Representatives of the media fraternity who convened in Kampala observed that such an inquest that would include an audit of the media legal framework and a public hearing would form basis for reclamation of diminished freedoms, a recession in ethics and expunge of repressive laws.
The media asked the Uganda Human Rights Commission (UHRC) to lead the defense of press freedoms, include them in its civic education kit and analyse whether media laws are in line with human rights provisions locally and internationally. Ruth Ssekindi, the director of complaints investigations and legal services represented UHRC chairman, Medi Kaggwa.
The dialogue convened by UHRC at Hotel Africana on Friday evaluated future of media freedoms, impact of statutory regulation on the media landscape, independence of the media, professionalism and key challenges journalists encounter in the course of their duty.
Weakness of media organisations, repressive laws hovering over heads of journalists, state intrusion of newsrooms, ownership of media houses by businessmen only keen on profits and high turn over of practitioners were listed as key dangers to the industry.

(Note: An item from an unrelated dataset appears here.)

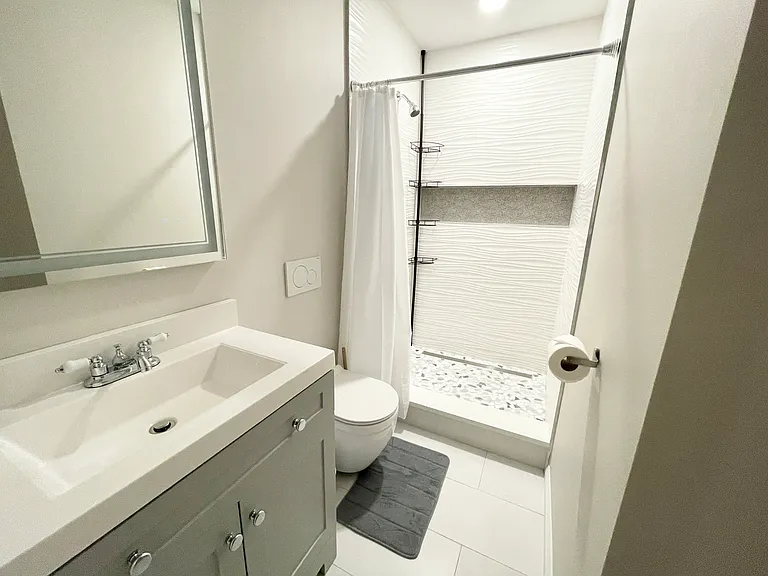 23 Newport St #2R — Photo 10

Makerere University law professor, Fredrick Jjuuko pointed out that the survival of the media as a profession is in members rallying together to wade off the state. "The Uganda Journalists Association (UJA) needs to be strong like it was at the time of (former President, James) Namakajo. It (UJA) is a shadow of its former self," Jjuuko stated.
"The UHRC has exposed many of these laws that are unconstitutional but so what? Its only organized media that can fight them," Jjuuko who presented a paper on "The State of Freedom of Expression in Uganda", added.

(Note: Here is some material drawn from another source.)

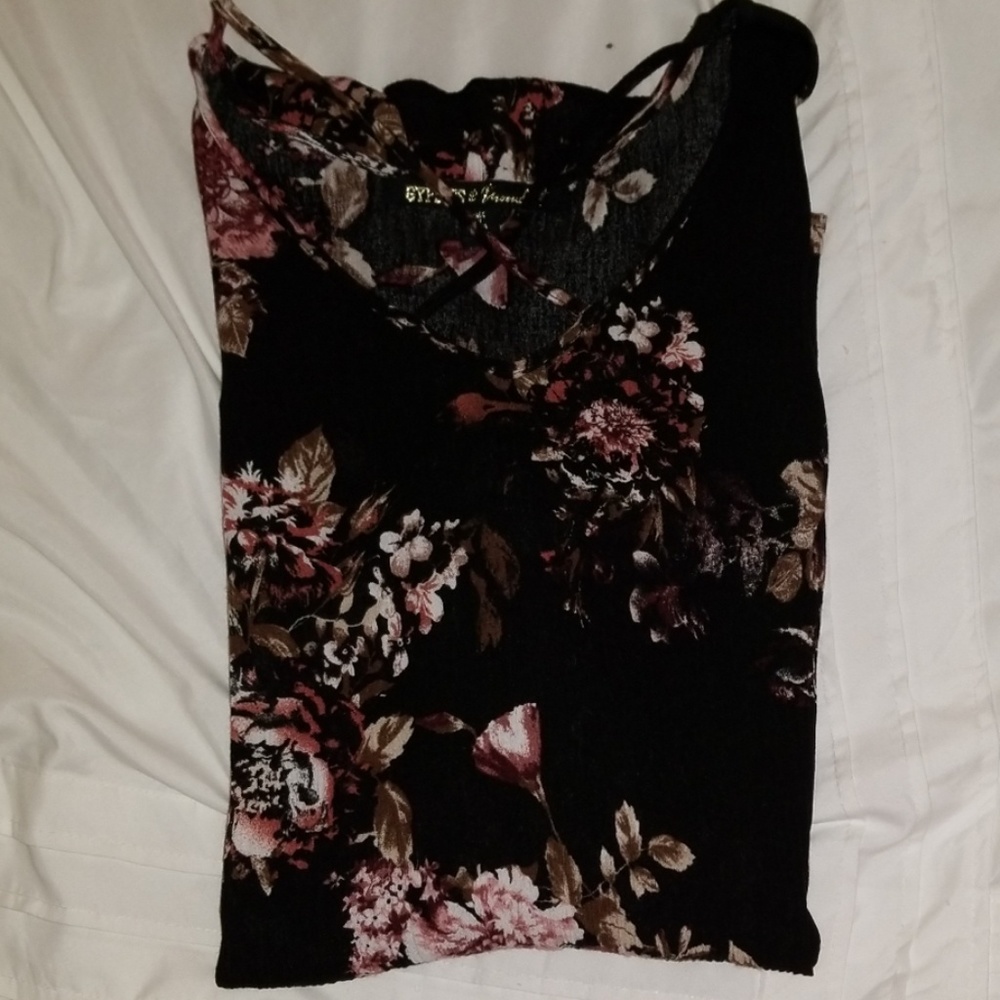 Long sleeve dress with slight bell sleevea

He proposed to the Ugandan media to copy a leaf from Ghana where on top of the Bill of Rights a Constitutional media commission was established.

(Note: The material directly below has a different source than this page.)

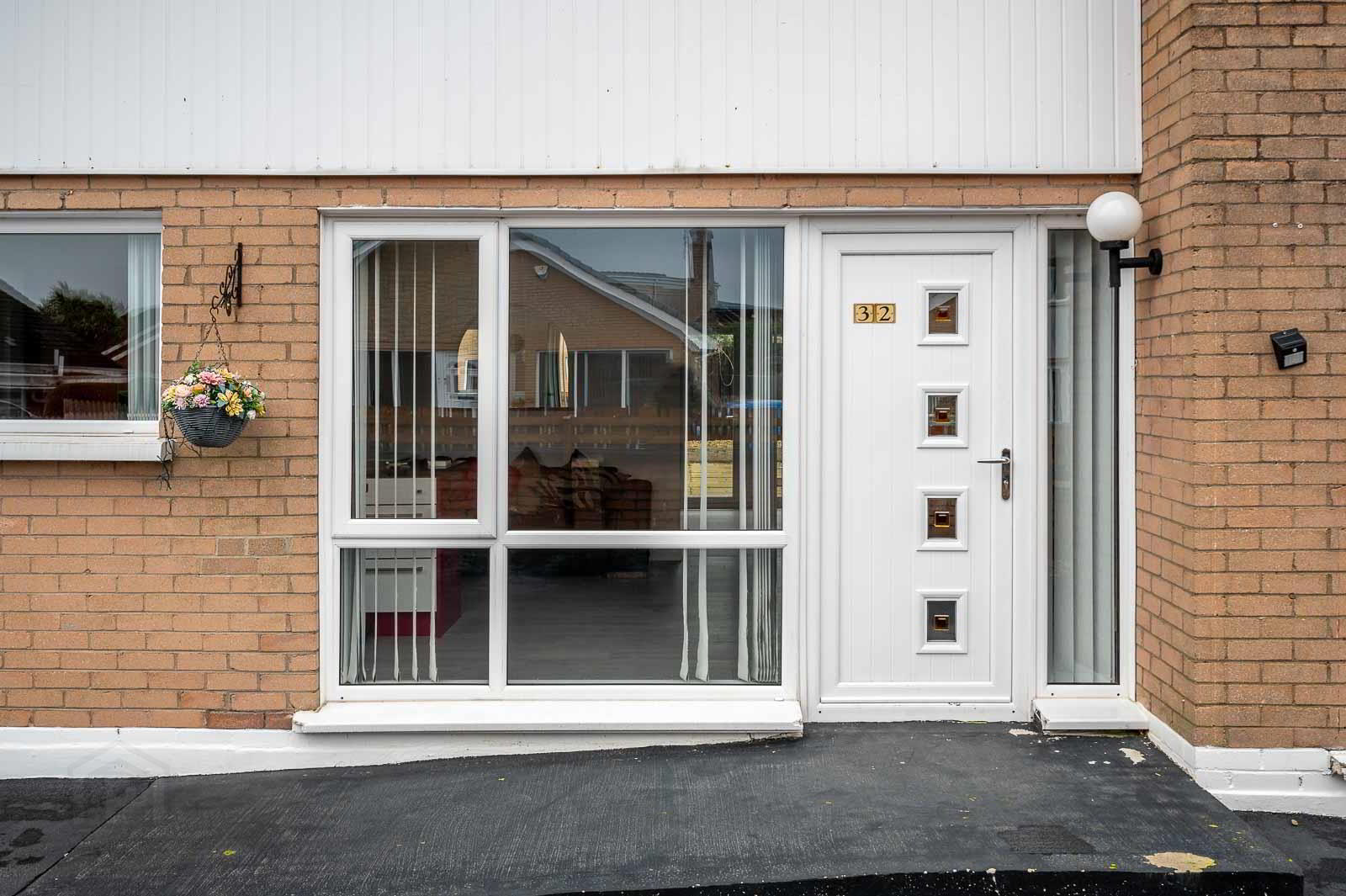 32 Navar Drive 2 of 21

The New Vision Editor in Chief, Barbara Kaija, observed that there are many "young, inexperienced and ill-trained journalists, often leading to abuse of professional and ethical standards." She said that is compounded by underpayment which leads many journalists into temptation.
Like Jjuuko noted, Kaija also pointed out that media lacks a single professional body to initiate self regulation so that oversight is not surrendered to Government. She recommended a gradual overhaul of media regulation by substituting the current statutory media council with an independent one composed of commissioners from various sectors and headed by a retired judge.
She said the independent council would probe into what regulatory system is suitable for Uganda and is in conformity with the constitution. The council would set penalties for erring media houses or journalists including demand for apologies or fines. "Those unhappy with the independent media council decision would then seek court redress," Kaija who presented a paper on: "Effectiveness of the regulatory bodies and their impact on the media landscape", remarked.
Several speakers were on the view that journalists need to put professionalism first not to attract stringent government regulation which criminalises omissions and commissions.
City lawyer, Nicholas Opio pointed out that in the various cases brought against the media courts have been lenient because the understand well the UN declaration of human rights and Constitutional provisions (Article 29 and 49) which prescribe freedom of expression and right to access to information.